## EXERCISE OBJECTIVE
Using the listing below, output only the lines from the one that contains "Building Photo - Newly" through the one that contains "Cuina o zona de cuina de Oceans Beach Condo", inclusive, exactly as given and without images.

## DATA IN THIS EXERCISE
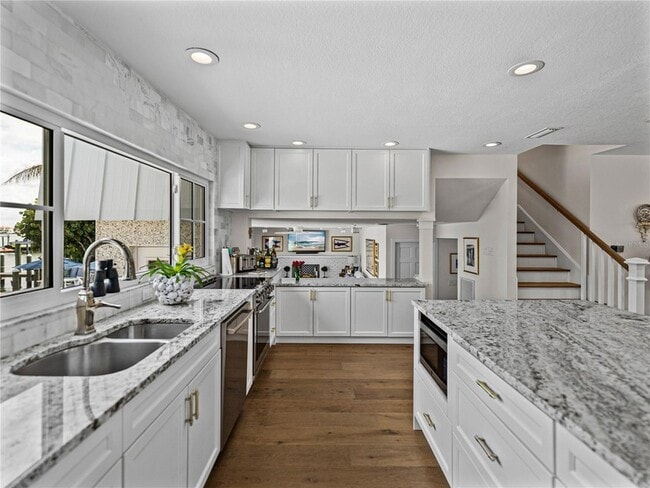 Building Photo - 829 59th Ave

---

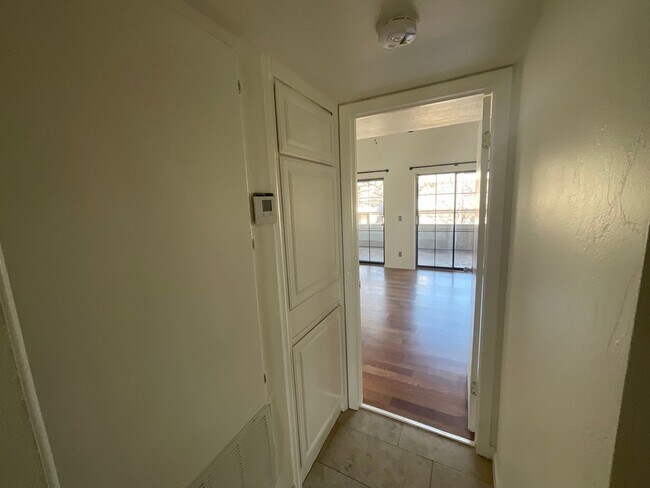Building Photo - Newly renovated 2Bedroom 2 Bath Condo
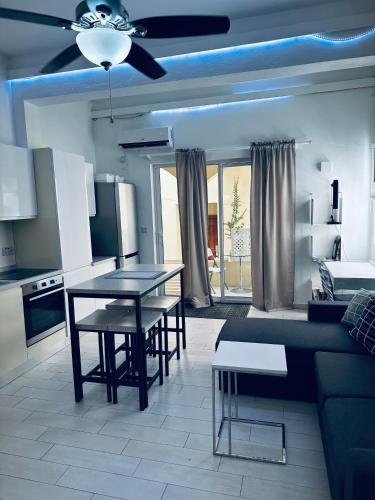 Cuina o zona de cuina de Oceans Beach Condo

* * *

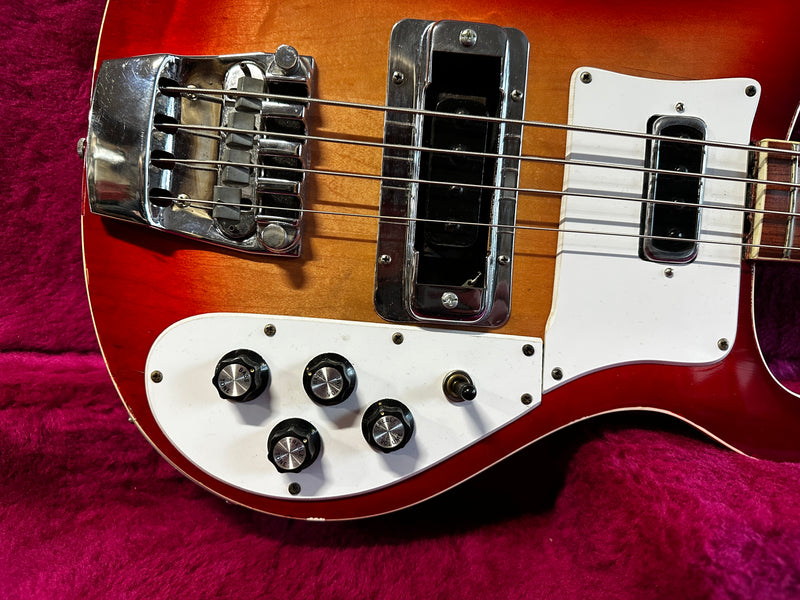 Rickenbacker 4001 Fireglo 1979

## COMPLETED TASK
Building Photo - Newly renovated 2Bedroom 2 Bath Condo
 Cuina o zona de cuina de Oceans Beach Condo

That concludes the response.